Each stream has a manifest file that lists upcoming segments. At the time of this writing (October 2020) each manifest lists the next 3 segments - for the next 6 seconds of video delivery (each segment consists of 2s of video). The manifest and the corresponding video segments are quickly transmitted to the many endpoints that are watching the video. As you might imagine, there is a new manifest file every few seconds from the server to each player, updating the list of segments.
Internet to the CDN
Once created and added to the manifest, the video segments are requested by your users all around the world. The segments leave api.video and travel through the internet to a Content Distribution Network (CDN) node. At the CDN, the segments are cached so that other viewers in that region do not need to go all the way back to the home server for the segments. From the CDN, the video continues the "last mile" to your viewers, where they can see the video. Here the path of each video segment becomes very branched, as the path to each user will vary.
At the end of the api.video livestream, you use the provided player URL or iframe on your webpage. This url allows the video to leave the api.video 'neuron' and appear on your webpage or mobile app for your viewers to consume the video.

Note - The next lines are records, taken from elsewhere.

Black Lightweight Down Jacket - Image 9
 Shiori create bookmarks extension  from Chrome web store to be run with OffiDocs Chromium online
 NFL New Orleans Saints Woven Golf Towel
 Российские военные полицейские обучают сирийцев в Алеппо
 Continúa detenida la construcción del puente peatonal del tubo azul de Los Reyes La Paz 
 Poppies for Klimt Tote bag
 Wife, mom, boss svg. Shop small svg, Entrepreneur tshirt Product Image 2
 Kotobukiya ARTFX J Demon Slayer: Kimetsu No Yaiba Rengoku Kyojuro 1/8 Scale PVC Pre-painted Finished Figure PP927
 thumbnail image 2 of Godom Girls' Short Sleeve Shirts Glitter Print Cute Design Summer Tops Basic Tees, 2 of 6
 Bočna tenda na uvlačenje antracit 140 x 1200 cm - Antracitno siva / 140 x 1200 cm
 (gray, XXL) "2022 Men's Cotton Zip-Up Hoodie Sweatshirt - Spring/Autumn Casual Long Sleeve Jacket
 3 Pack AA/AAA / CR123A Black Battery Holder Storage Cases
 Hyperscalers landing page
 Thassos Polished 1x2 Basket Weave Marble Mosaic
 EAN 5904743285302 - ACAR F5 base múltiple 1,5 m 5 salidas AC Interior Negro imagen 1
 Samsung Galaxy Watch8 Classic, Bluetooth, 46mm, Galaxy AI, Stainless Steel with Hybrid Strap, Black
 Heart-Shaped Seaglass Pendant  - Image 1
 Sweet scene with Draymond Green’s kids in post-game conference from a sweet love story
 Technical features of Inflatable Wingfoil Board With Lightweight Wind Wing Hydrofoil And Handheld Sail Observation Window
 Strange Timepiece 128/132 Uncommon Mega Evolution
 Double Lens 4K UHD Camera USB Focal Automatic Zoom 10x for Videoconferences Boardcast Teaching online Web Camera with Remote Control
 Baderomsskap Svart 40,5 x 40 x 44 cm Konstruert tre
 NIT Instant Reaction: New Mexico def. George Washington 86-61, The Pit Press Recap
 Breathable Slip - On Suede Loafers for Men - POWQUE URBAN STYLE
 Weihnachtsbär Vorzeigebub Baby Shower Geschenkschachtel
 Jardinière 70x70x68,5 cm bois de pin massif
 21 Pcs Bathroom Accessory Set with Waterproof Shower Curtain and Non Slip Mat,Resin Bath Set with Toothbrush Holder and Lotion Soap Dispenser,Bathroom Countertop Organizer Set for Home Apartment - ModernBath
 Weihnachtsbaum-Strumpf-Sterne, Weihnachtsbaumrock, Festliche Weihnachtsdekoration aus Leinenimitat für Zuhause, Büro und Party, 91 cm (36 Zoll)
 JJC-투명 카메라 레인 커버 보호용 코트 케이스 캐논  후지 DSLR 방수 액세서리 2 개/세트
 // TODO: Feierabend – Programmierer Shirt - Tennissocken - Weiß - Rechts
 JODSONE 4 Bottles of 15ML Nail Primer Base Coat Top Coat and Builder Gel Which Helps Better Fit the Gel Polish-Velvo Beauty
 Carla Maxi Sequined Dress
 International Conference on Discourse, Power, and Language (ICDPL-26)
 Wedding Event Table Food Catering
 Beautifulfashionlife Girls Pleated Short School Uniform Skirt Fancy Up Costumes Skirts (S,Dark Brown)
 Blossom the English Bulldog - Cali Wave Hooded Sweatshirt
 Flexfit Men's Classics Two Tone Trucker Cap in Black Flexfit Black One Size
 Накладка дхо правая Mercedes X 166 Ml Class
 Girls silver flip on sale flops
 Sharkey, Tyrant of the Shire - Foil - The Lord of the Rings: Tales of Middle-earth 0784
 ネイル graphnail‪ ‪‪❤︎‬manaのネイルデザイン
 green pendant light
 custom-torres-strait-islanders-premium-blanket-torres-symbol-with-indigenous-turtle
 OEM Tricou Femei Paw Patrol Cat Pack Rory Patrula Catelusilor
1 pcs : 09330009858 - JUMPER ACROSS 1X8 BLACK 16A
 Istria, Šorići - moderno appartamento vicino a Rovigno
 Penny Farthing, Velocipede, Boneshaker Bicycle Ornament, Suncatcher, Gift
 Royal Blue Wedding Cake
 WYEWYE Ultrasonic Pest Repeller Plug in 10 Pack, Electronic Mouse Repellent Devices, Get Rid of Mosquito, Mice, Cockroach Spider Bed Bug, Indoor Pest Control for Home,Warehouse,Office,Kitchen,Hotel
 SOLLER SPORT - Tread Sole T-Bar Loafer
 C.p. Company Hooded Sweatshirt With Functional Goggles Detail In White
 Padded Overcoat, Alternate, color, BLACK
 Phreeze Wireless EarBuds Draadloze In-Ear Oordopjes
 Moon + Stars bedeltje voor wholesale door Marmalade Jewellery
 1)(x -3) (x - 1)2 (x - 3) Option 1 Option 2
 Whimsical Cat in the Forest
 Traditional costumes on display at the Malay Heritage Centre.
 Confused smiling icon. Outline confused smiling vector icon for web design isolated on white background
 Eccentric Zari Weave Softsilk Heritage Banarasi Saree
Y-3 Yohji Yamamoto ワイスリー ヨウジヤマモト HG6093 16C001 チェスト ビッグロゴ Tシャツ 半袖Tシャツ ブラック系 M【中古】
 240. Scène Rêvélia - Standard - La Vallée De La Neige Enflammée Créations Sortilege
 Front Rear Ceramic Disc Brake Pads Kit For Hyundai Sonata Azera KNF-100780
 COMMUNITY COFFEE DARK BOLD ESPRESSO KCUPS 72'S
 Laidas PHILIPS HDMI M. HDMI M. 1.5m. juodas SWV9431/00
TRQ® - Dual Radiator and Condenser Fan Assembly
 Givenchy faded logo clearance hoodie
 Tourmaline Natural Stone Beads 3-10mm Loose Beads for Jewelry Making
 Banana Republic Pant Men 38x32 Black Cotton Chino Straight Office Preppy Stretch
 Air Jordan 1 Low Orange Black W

Unlike neurons, where information travels just one way, the connection between api.video and the the player is not a one-way pipe. As the player receives the manifest files - it can request different video bitrates to ensure smooth playback should there be changes in network connectivity.
The manifest file lists the 3 newest segments of the video for playback. But there is a 2 way communication from the player to the server. If your users “rewind” the live stream, the player can request a manifest and segments for parts of the video that are in the “past." This means that you can watch earlier in the live video (up to 5 minutes from the live point) in our DVR mode.
A neuron fires information from the brain to muscles in the body instantaneously and efficiently thousands of times a second. Similarly, a livestream is the transmission of data between the streamer, through api.video and to your viewers in a fast, seamless, and efficient way.